Items from a data source
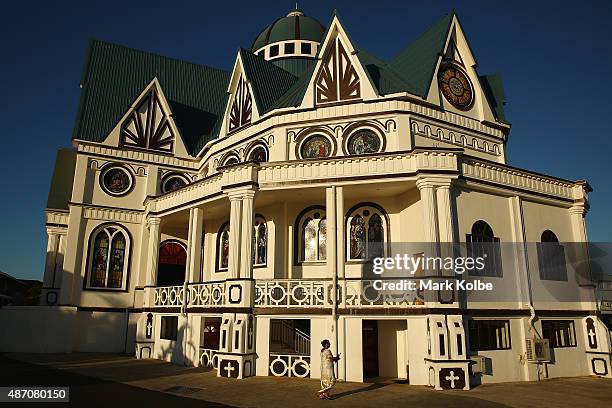 General view of the Cathedral of the Immaculate Conception in Apia is seen on a training day for the Samoa 2015 Commonwealth Youth Games on September...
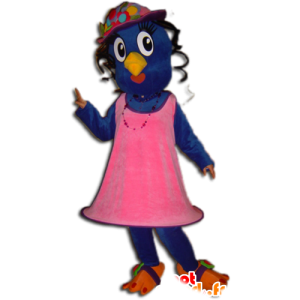Mascotte d'oiseau bleu et jaune habillé d'une robe rose - MASFR032244 - Mascotte d'oiseaux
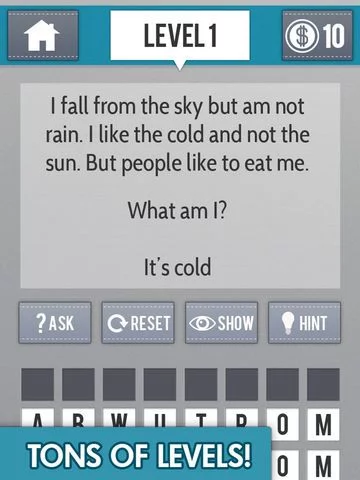 Изображение игры: The Riddle Game - A Challenging Word Puzzle Game for Your Brain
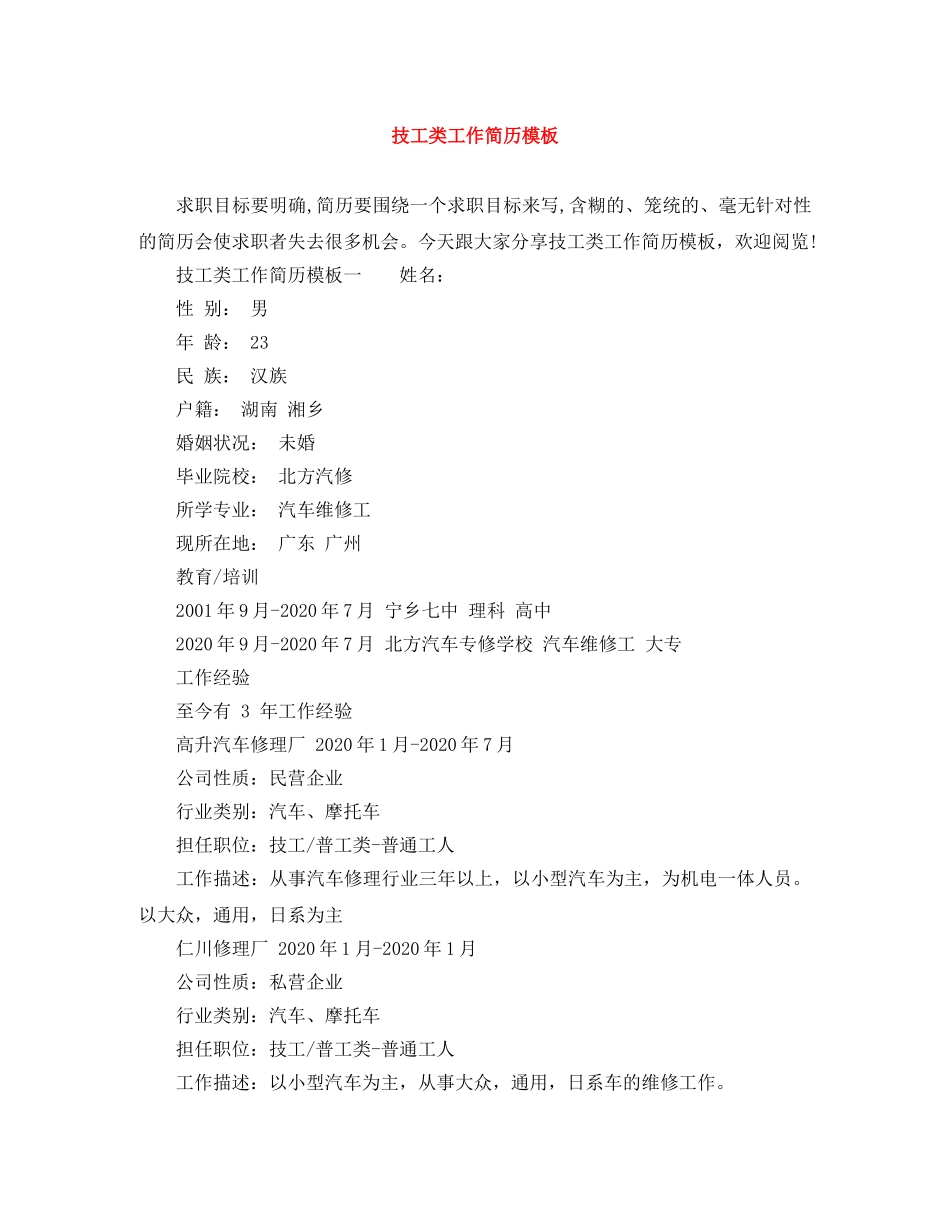 技工类工作简历模板 _第1页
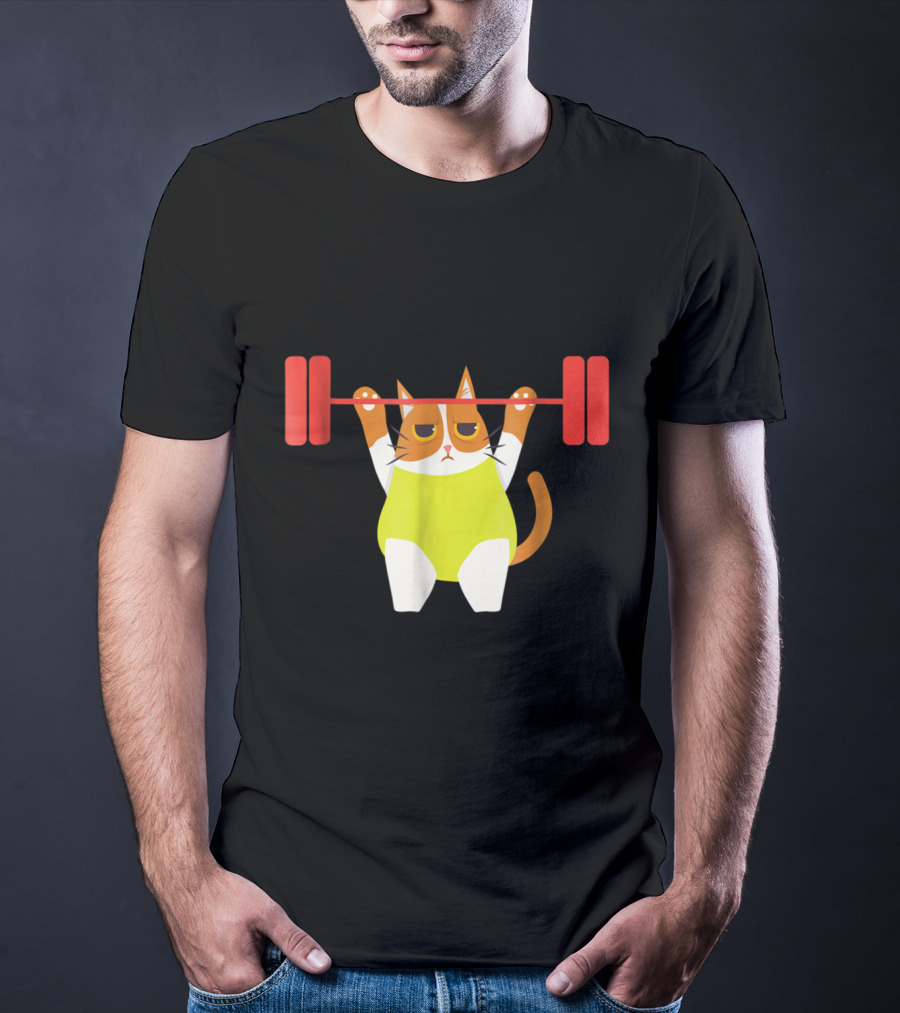 Playful Cat Weight Lifting Gym Humor For Fitness And Cat Lovers T-Shirt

Task description: Each word of the data should be repeated exactly, and the pictures left out.

Answer area:
 General view of the Cathedral of the Immaculate Conception in Apia is seen on a training day for the Samoa 2015 Commonwealth Youth Games on September...
Mascotte d'oiseau bleu et jaune habillé d'une robe rose - MASFR032244 - Mascotte d'oiseaux
 Изображение игры: The Riddle Game - A Challenging Word Puzzle Game for Your Brain
 技工类工作简历模板 _第1页
 Playful Cat Weight Lifting Gym Humor For Fitness And Cat Lovers T-Shirt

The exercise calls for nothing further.